Dr Tedros said that drought, conflict, climate change and increasing prices for food, fuel and fertilizer, are all contributing to the lack of access to sufficient food. The countries affected include Uganda, Kenya, South Sudan, Djibouti, Ethiopia, and Somalia, where lives are on the line after failed crop harvests as well as large-scale structural and chronic vulnerabilities.
In the case of Uganda, the situation is more propounded in the areas of Karamoja, one of Uganda’s poorest regions, and parts of Lango, in North and North Eastern Uganda where people are in urgent need of food assistance. Thousands of pregnant women in the regions are projected to be acutely malnourished mainly in the districts of Kotido, Moroto and Nabilatuk.

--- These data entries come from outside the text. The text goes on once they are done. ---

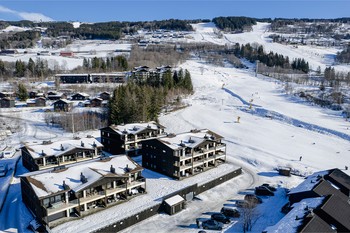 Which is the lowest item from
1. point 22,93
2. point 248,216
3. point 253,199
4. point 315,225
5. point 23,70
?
point 253,199

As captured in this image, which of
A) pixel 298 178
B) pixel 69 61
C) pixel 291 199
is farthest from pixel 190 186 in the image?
pixel 69 61

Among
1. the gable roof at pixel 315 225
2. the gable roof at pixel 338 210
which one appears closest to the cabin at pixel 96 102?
the gable roof at pixel 338 210

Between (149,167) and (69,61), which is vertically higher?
(69,61)

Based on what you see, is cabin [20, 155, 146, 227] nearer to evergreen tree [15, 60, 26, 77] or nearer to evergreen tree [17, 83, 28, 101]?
evergreen tree [17, 83, 28, 101]

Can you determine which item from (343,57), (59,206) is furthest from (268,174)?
(343,57)

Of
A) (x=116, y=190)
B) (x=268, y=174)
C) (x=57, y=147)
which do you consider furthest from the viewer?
(x=268, y=174)

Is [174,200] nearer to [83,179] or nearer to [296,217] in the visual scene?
[83,179]

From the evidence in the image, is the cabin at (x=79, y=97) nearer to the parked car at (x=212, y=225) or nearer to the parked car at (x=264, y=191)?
the parked car at (x=264, y=191)

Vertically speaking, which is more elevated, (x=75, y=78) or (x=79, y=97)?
(x=75, y=78)

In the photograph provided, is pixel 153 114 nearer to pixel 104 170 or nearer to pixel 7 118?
pixel 104 170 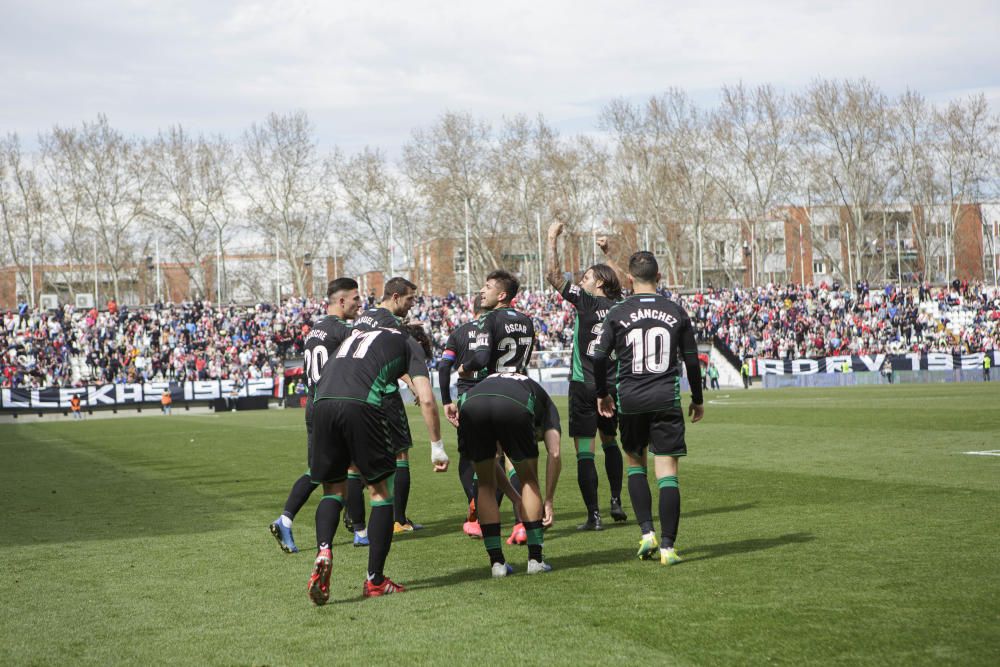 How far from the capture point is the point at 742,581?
21.2ft

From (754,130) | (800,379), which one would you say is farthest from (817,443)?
(754,130)

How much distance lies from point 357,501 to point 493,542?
94.3 inches

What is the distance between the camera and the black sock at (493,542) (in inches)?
282

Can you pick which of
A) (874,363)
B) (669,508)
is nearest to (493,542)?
(669,508)

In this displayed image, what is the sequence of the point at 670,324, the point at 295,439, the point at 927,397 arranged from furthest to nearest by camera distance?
1. the point at 927,397
2. the point at 295,439
3. the point at 670,324

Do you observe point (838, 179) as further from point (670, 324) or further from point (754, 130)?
point (670, 324)

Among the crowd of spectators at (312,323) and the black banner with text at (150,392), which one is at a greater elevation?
the crowd of spectators at (312,323)

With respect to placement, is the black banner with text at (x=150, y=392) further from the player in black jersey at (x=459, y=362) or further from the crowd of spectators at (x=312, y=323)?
the player in black jersey at (x=459, y=362)

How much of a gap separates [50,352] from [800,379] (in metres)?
35.3

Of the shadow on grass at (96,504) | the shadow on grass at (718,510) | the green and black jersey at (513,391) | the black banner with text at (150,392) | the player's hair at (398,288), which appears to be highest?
the player's hair at (398,288)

According to Dr Tedros, the crisis is forcing some people to choose between paying for food and healthcare, many are migrating in search of food, which can put them at increased risk of disease. “Hunger and malnutrition pose a direct threat to health, but they also weaken the body’s defences and open the door to diseases including pneumonia, measles and cholera,” he explained.
He said that WHO has provided more than USD 16 million from an emergency fund to address needs, but more support is required. The agency is now appealing for USD 123.7 million which will be used to prevent and control outbreaks, treat malnutrition, and provide essential health services as well as medicines.
Tedros said the drought is compounding the man-made catastrophe in the Tigray region of northern Ethiopia, where war has raged for nearly two years. Some six million people are under siege by Ethiopian and Eritrean forces, he said, sealed off from the outside world, with no telecommunications, no banking services and very limited electricity and fuel.
As a result, they are facing multiple outbreaks of malaria, anthrax, cholera, diarrhoea and other diseases. This unimaginable cruelty must end. The only solution is peace,” said Tedros. At the end of the briefing, he appealed for greater global attention to the situation in Tigray.
“I can tell you that the humanitarian crisis in Tigray is more than (in) Ukraine, without any exaggeration. And I said it many months ago, maybe the reason is the colour of the skin of the people in Tigray.”